Personal information
- Full name: Gavin Derek Edwards
- Born: 14 April 1979 (age 47) Penzance, Cornwall, England
- Height: 5 ft 9 in (1.75 m)
- Batting: Right-handed
- Role: Wicketkeeper

Domestic team information
- 1997-present: Cornwall

Career statistics
| Competition | LA |
| Matches | 7 |
| Runs scored | 134 |
| Batting average | 44.66 |
| 100s/50s | –/– |
| Top score | 31* |
| Balls bowled | – |
| Wickets | – |
| Bowling average | – |
| 5 wickets in innings | – |
| 10 wickets in match | – |
| Best bowling | – |
| Catches/stumpings | 5/2 |
- Source: Cricinfo, 17 October 2010

= Gavin Edwards (cricketer) =

English cricketer

Gavin Derek Edwards (born 14 April 1979) is an English cricketer. Edwards is a right-handed batsman who plays primarily as a wicketkeeper. He was born at Penzance, Cornwall.

Edwards made his Minor Counties Championship debut for Cornwall in 1997 against Cheshire. From 1997 to 2009, he represented the county in 41 Minor Counties Championship matches, the last of which came against Wales Minor Counties. Edwards also represents Cornwall in the MCCA Knockout Trophy. His debut in that competition came against Devon in 2000. From 2000 to present, he has represented the county in 21 Trophy matches.

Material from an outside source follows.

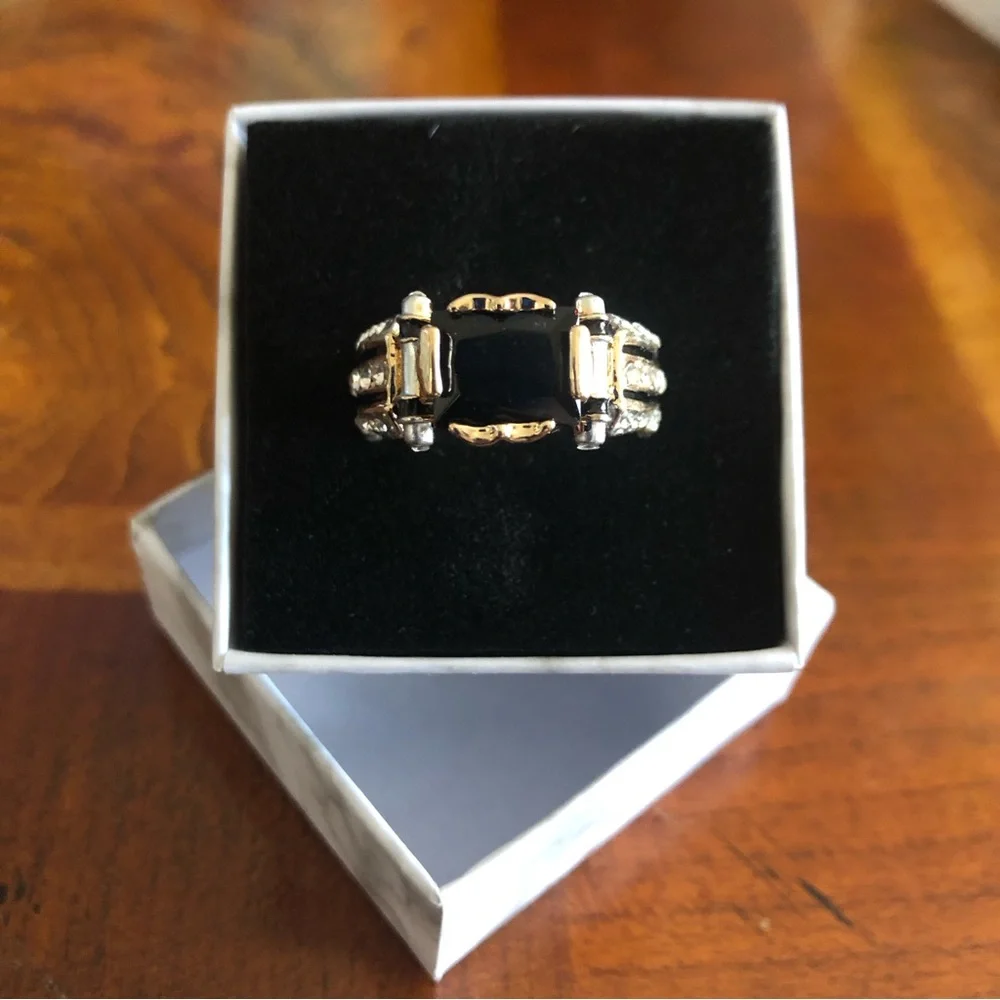 Men’s fashionable faceted black stone gold metal gentleman band ring NWT 13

Edwards also represented Cornwall in List A cricket. His first List A match came against Norfolk in the 2000 NatWest Trophy. From 2000 to 2003, he represented the county in 7 List A matches, the last of which came against the Netherlands in the 1st round of the 2004 Cheltenham & Gloucester Trophy which was played in 2003. In his 7 List A matches, he scored 134 runs at a batting average of 44.66, with a high score of 31*. Behind the stumps he took 2 catches and made a single stumping.